• SUPPLIED DATA:
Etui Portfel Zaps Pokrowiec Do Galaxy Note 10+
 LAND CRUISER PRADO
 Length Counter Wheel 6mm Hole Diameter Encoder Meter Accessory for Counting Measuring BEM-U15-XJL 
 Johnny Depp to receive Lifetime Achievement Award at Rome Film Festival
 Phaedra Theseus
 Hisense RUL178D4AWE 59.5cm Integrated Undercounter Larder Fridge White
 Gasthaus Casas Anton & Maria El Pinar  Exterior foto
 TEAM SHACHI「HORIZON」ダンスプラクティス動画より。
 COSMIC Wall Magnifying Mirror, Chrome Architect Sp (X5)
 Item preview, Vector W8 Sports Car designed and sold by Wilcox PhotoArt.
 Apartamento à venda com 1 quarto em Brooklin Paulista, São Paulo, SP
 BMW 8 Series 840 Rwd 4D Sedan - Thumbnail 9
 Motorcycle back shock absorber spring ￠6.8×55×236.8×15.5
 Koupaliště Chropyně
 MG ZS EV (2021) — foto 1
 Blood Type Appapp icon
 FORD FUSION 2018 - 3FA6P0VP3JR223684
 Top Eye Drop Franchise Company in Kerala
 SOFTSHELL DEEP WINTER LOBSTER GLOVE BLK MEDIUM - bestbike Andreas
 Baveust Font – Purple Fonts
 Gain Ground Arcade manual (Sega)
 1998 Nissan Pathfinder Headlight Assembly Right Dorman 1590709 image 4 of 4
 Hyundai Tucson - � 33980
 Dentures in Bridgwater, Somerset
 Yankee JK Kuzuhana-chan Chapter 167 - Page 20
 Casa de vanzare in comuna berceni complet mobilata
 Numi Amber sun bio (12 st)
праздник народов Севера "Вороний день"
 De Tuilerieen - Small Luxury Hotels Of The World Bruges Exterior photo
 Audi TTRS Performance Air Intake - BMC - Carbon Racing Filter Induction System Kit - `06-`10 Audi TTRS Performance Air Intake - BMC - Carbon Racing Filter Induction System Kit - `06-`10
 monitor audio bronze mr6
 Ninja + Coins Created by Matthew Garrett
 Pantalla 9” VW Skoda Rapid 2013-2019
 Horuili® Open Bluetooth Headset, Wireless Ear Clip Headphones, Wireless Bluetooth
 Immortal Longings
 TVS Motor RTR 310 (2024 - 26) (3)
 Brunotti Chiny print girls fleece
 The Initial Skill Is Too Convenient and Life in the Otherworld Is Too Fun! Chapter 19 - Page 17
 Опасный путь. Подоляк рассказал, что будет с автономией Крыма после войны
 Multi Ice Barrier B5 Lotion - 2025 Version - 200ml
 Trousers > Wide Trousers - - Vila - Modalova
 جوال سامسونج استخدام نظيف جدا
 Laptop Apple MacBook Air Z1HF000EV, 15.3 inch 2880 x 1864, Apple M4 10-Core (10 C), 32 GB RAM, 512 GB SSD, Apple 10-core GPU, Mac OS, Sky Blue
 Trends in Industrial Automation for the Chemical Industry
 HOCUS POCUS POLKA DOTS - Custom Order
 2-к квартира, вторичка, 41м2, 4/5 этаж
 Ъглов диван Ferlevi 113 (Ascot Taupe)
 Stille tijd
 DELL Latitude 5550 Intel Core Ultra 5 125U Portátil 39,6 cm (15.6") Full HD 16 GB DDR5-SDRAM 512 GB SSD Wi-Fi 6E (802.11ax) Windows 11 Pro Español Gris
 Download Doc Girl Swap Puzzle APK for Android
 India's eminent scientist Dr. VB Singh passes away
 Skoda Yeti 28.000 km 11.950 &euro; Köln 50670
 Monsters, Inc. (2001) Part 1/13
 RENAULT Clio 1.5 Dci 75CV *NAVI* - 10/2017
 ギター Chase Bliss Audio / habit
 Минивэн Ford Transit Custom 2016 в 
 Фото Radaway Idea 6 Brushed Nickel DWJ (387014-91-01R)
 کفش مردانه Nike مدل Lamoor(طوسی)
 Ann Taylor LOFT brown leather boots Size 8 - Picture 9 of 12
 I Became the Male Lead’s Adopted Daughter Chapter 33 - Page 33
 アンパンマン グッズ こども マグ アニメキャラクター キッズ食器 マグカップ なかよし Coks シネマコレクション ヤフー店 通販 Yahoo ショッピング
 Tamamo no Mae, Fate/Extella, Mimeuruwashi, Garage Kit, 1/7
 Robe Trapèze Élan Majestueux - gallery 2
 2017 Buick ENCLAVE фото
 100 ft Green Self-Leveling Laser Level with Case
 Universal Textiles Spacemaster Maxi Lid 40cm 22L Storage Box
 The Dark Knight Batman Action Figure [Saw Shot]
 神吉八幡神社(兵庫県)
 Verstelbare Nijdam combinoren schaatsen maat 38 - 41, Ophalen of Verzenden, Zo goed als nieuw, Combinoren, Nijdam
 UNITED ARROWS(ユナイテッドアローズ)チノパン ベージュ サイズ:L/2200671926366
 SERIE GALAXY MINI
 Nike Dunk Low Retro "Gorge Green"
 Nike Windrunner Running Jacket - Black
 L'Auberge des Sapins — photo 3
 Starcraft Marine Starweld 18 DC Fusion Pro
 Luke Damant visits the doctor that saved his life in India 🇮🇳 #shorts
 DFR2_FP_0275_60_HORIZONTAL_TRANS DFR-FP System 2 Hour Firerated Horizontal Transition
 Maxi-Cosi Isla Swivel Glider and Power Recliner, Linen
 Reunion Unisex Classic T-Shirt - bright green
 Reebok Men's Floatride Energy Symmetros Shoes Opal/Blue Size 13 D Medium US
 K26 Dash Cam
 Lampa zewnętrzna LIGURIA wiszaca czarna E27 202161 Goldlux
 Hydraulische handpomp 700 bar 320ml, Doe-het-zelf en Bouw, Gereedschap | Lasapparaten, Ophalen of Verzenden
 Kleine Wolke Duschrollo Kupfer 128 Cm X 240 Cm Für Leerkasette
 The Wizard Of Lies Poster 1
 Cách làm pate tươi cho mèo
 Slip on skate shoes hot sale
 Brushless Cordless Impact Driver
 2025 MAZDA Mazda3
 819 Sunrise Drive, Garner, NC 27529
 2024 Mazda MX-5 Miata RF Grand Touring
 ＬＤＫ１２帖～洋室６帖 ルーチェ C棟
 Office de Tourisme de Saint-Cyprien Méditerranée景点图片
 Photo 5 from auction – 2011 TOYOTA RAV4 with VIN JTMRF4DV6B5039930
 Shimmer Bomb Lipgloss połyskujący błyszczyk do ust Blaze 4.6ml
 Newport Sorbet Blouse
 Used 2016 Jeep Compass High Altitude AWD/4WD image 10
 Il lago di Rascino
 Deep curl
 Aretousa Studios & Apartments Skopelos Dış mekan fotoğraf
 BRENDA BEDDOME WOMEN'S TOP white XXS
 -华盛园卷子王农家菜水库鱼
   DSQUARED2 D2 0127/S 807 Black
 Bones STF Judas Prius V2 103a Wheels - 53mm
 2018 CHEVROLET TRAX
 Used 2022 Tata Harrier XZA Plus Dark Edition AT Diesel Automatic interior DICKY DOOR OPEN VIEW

• EXERCISE INSTRUCTIONS:
From the listing above, output exactly the run of lines that starts with the line containing "SERIE GALAXY MINI" and ends with the line containing "ＬＤＫ１２帖～洋室６帖 ルーチェ C棟".

• ANSWER TO THIS PROBLEM:
 SERIE GALAXY MINI
 Nike Dunk Low Retro "Gorge Green"
 Nike Windrunner Running Jacket - Black
 L'Auberge des Sapins — photo 3
 Starcraft Marine Starweld 18 DC Fusion Pro
 Luke Damant visits the doctor that saved his life in India 🇮🇳 #shorts
 DFR2_FP_0275_60_HORIZONTAL_TRANS DFR-FP System 2 Hour Firerated Horizontal Transition
 Maxi-Cosi Isla Swivel Glider and Power Recliner, Linen
 Reunion Unisex Classic T-Shirt - bright green
 Reebok Men's Floatride Energy Symmetros Shoes Opal/Blue Size 13 D Medium US
 K26 Dash Cam
 Lampa zewnętrzna LIGURIA wiszaca czarna E27 202161 Goldlux
 Hydraulische handpomp 700 bar 320ml, Doe-het-zelf en Bouw, Gereedschap | Lasapparaten, Ophalen of Verzenden
 Kleine Wolke Duschrollo Kupfer 128 Cm X 240 Cm Für Leerkasette
 The Wizard Of Lies Poster 1
 Cách làm pate tươi cho mèo
 Slip on skate shoes hot sale
 Brushless Cordless Impact Driver
 2025 MAZDA Mazda3
 819 Sunrise Drive, Garner, NC 27529
 2024 Mazda MX-5 Miata RF Grand Touring
 ＬＤＫ１２帖～洋室６帖 ルーチェ C棟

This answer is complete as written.